Proposition: Suppose that the proper class Y is not amorphous. Then forcing with \mathbb B(\mathrm{Ord},Y) adds a Cohen-generic subclass of \mathrm{Ord}. Put as a slogan: forcing a non-amorphous class to be the same size as \mathrm{Ord} forces all classes to have the same size.

Proof: Let Y_0 and Y_1 be disjoint proper classes whose union is Y. We will use them to extract a Cohen-generic subclass of \mathrm{Ord} from a generic B for \mathbb B(\mathrm{Ord},Y). Specifically, define a function C : \mathrm{Ord} \to 2 as C(\alpha) = i iff B(\alpha) \in Y_i. More generally, any condition b \in \mathbb B(\mathrm{Ord},Y) defines a condition p(b) in the Cohen poclass; namely for \alpha \in \mathrm{dom}(b) define p(b)(\alpha) = i iff b(\alpha) \in Y_i. Because Y_0 and Y_1 are both proper classes this map b \mapsto p(b) is onto the Cohen poclass.

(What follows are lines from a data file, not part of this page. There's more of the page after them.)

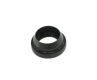 Mercedes-Benz Manual Transmission Extension Housing Seal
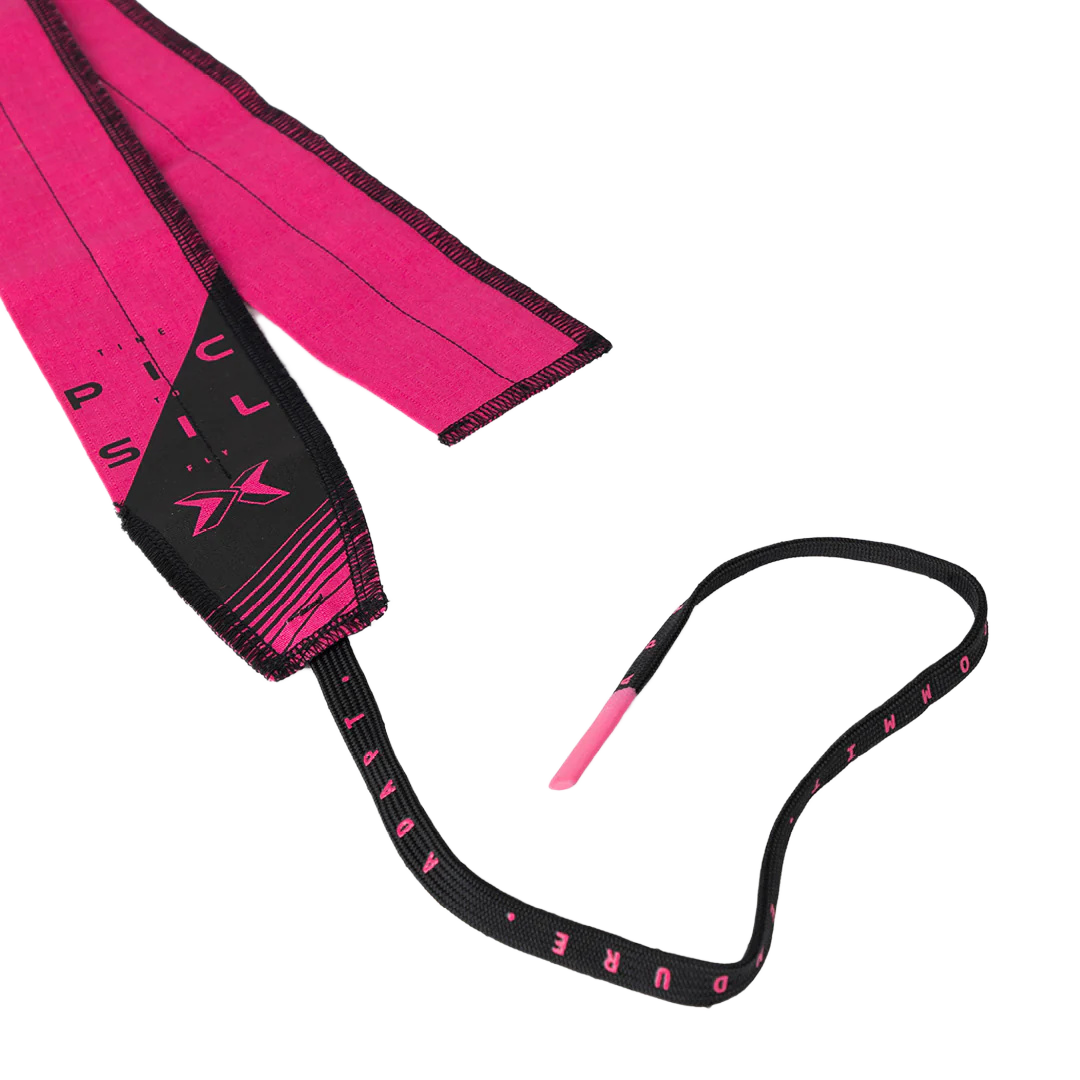 PICSIL WRIST WRAPS 0.2 PICWLSTRAP-BLOSSOM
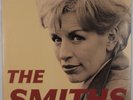 THE SMITHS: Ask US Sire Indie Rock Vinyl 12” OG Morrissey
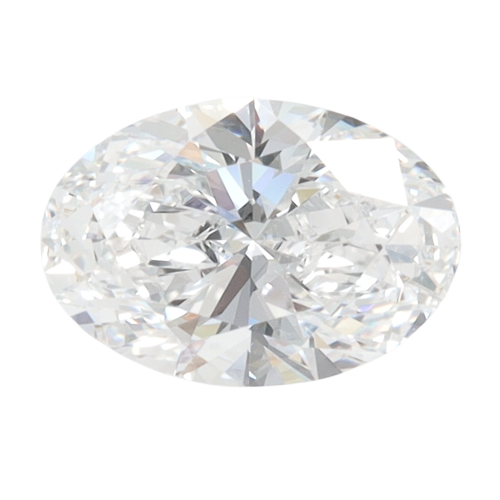 rweu_lab_loosediamond_oval_01-36_vvs1_d_7a6592cccc7c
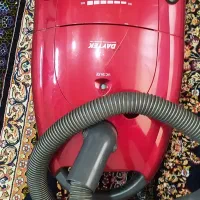 جاروبرقی نو یا در حد نو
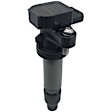 IGC0172 Ignition Coil, Sold Individually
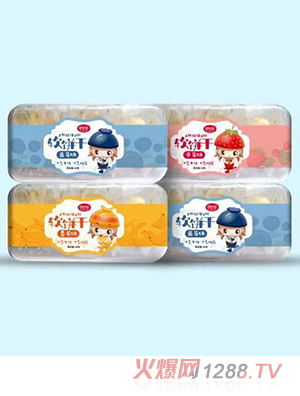 ��ؐ����Ȼ��ĸ�l��ܛ�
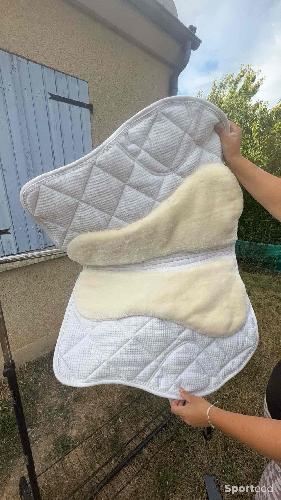 Equitation - Tapis  - photo 4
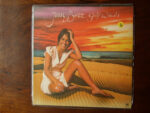 Joan Baez-0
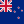 Uusi-Seelanti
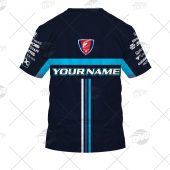 Jena Yourname Supercars001 Tee Back.jpg - demo10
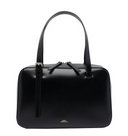 A.P.C. Virginie Box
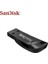 32GB Sandisk U Disk 128GB USB 3.0 Flash Sürücü 32GB Siyah Memory Stick 64GB 256GB 512GB Bilgisayar Için Yüksek Hızlı Pendrive 100% Orijinal (Yurt Dışından) 2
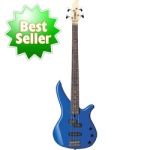 Yamaha RBX170 Dark Blue Metallic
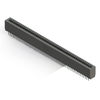 Edgeboard Connectors - 151-725-102-520-201-ND - DigiKey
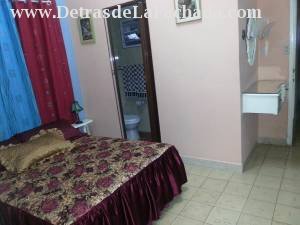 Inmueble eNQ1bMhN1JYdPUf
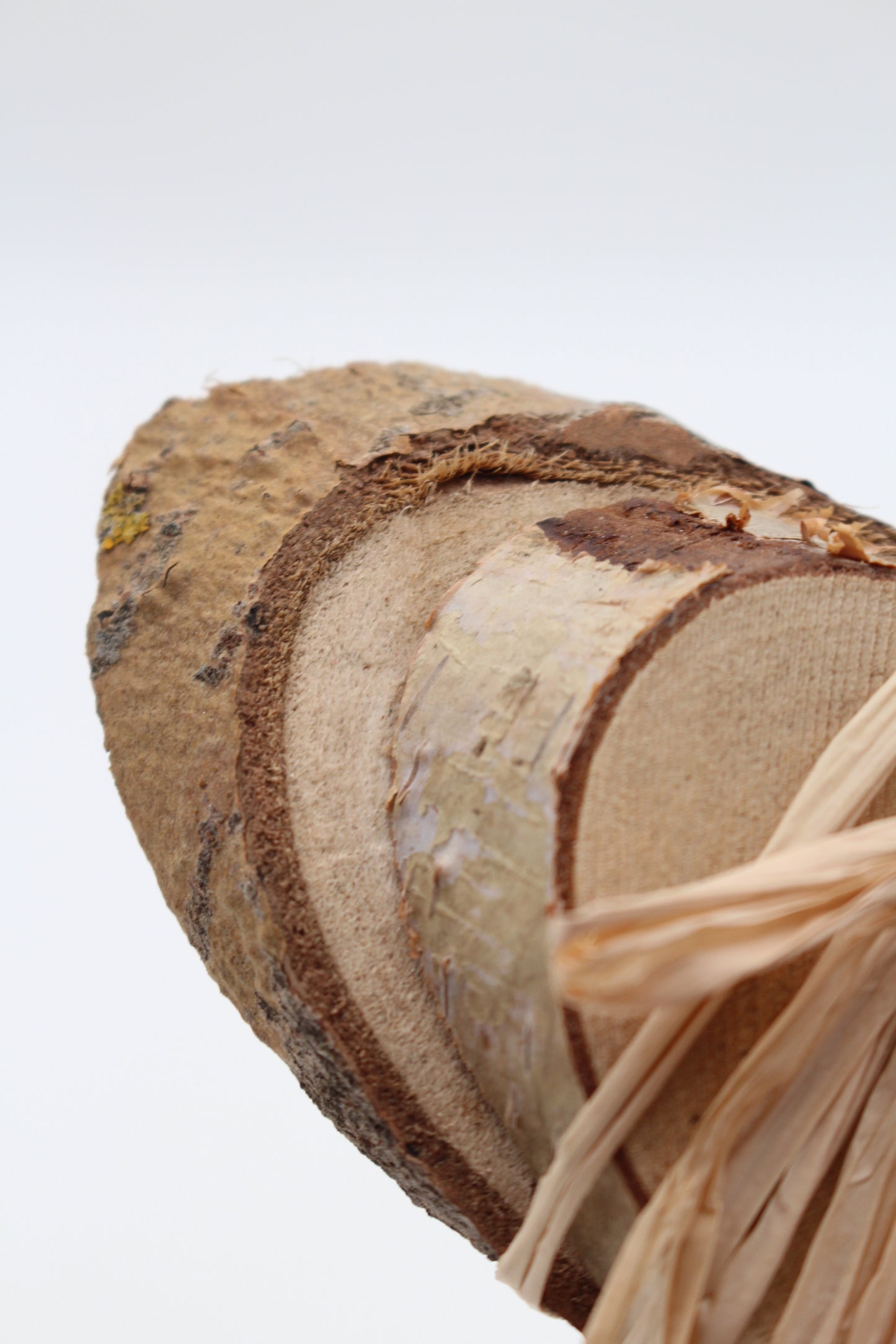 Mini Baumscheibe 2 Stück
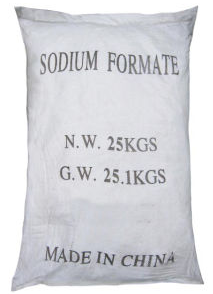 Multi-grade evaporation process, obvious energy saving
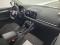 preview Skoda Karoq #5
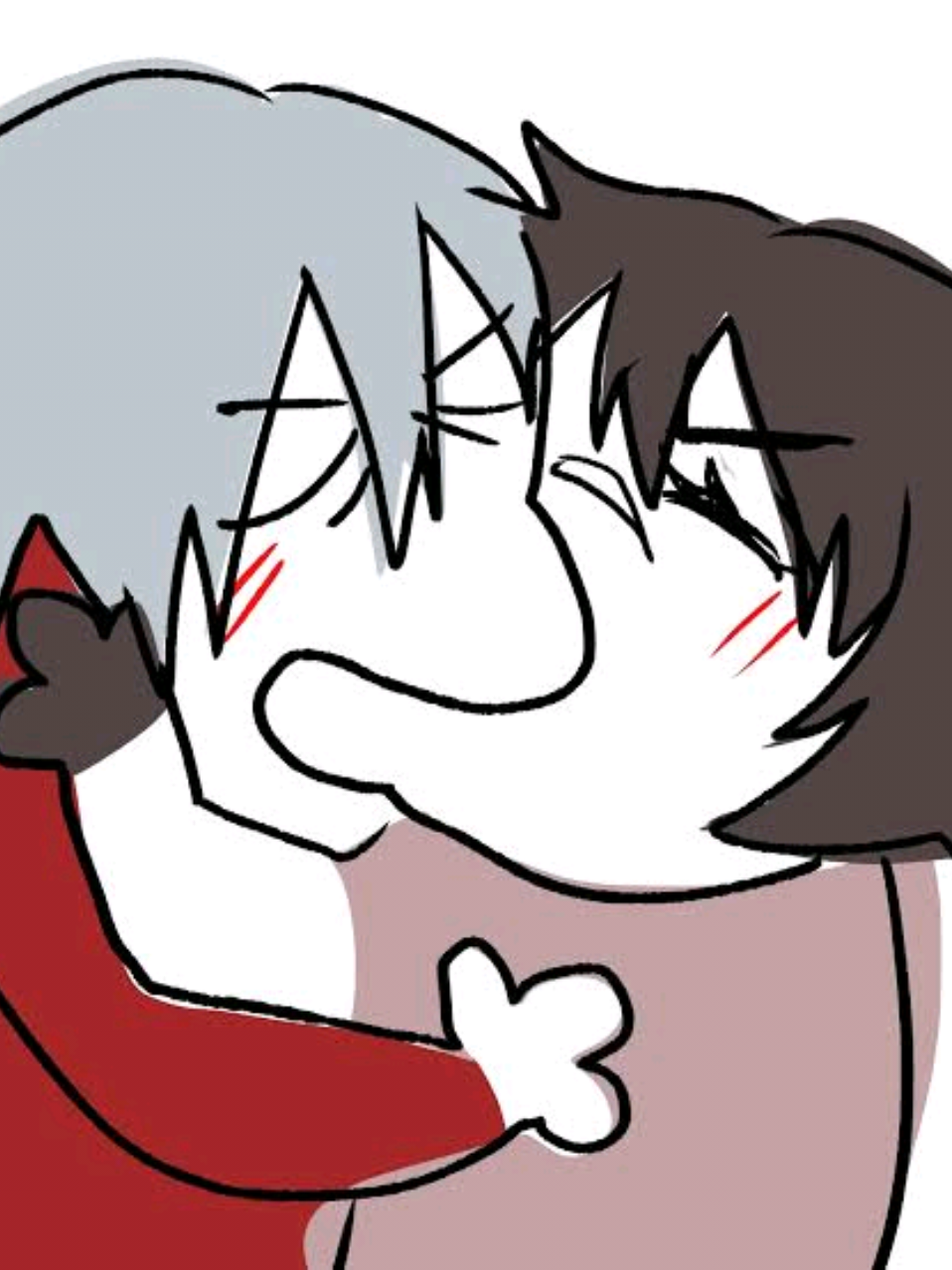 q alguien me tire un balazo q no puedo dormir 🫠 #dante #dantesparda #vergil #vergilsparda #dmc #dmc3 #dmc4 #dmc5 #devilmaycry #devilmaycry3 #devilmaycry4 #devilmaycry5 #foryou #foryouu #foryoupage #parati #fyp #fyppppppppppppppppppppppp #fypage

Let us see that this C is Cohen-generic. Take any dense subclass D of the Cohen poclass. Let D' = \{ b \in \mathbb B(\mathrm{Ord},Y) : \exists p \in D\ p = p(b) \}. This D' is a dense subclass of \mathbb B(\mathrm{Ord},Y). Otherwise, there would be b \in \mathbb B(\mathrm{Ord},Y) with no extension in D'. But then p(b) would have no extension in D, contradicting the density of D. Thus, since B meets D', we get that C meets D. As D was arbitrary, C is generic for the Cohen poclass. ∎

We can generalize this result. Instead of considering the class \mathrm{Ord} we can consider any class X \supseteq \mathrm{Ord}. We then work similarly, but define p(b) by first restricting b to \mathrm{Ord} and then checking whether b(\alpha) is in Y_0 or Y_1. And it clearly doesn’t matter which coordinate is first or second. So forcing with \mathbb B(X,Y) for either X \supseteq \mathrm{Ord} or Y \supseteq \mathrm{Ord} (and both non-amorphous) forces all classes to have the same size.

In summary, for a large collection of classes we would like to force to have the same size, doing so via the obvious poclass has the effect of making all classes have the same size. Does this always happen, even if neither class contains \mathrm{Ord}?

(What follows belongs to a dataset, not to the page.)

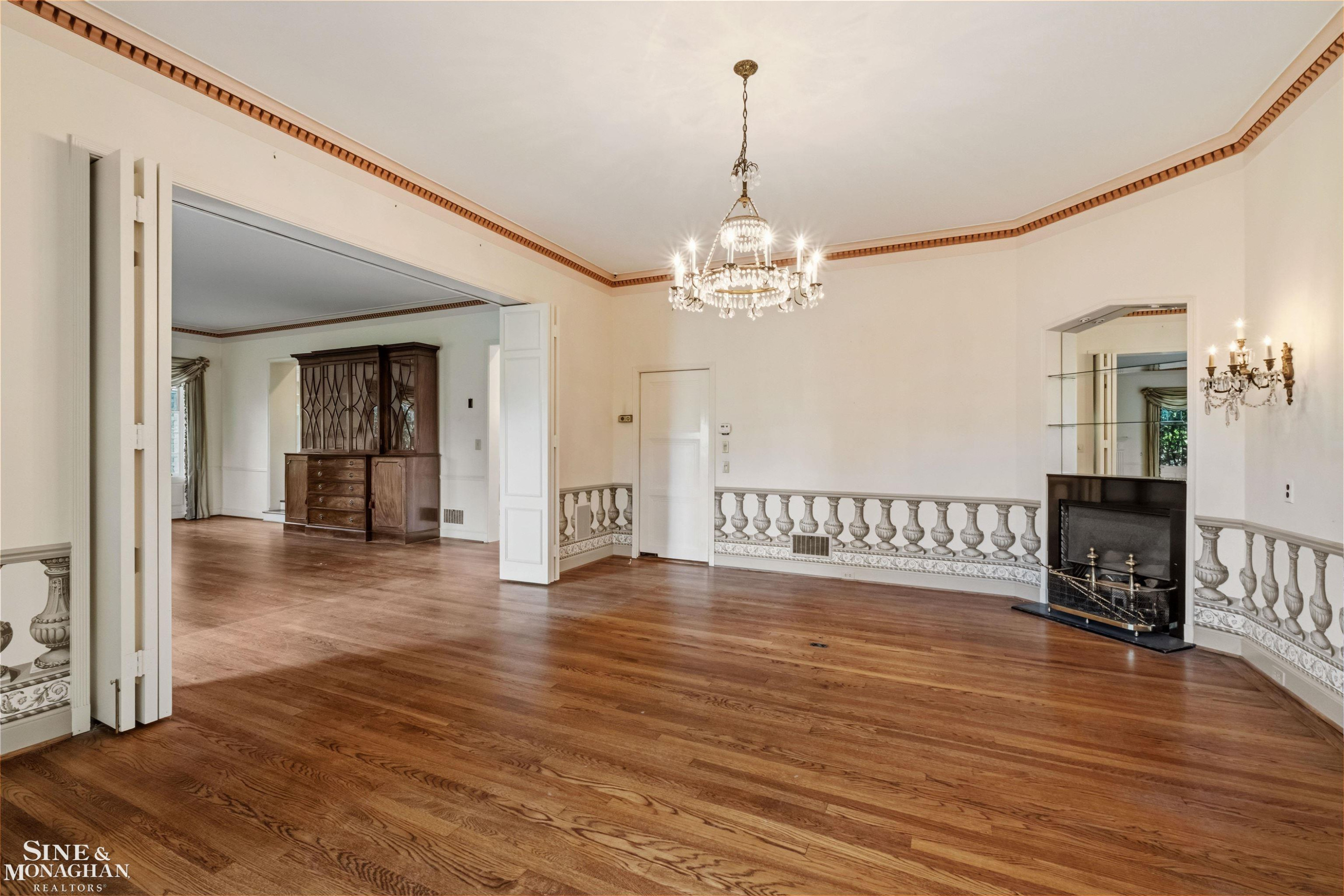 481 Kercheval Avenue, Grosse Pointe Farms, MI 48236 — Photo 48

Question: Over \mathsf{GB}^-, must \mathbb B(X,Y) always force all classes to have the same size?

I’m not 100% clear on the role of amorphous classes here. I needed that my classes were not amorphous, but I suspect that this comes for free in my context. I strongly suspect the following question has a positive answer, but don’t have the choiceless set theory know-how to easily see a proof.

Question: Does \mathsf{GB}^- prove that there are no amorphous classes? That is, does having the axiom of choice for sets imply there are no amorphous classes?

A positive answer would be analogous to the ZF fact that countable choice implies there are no amorphous sets.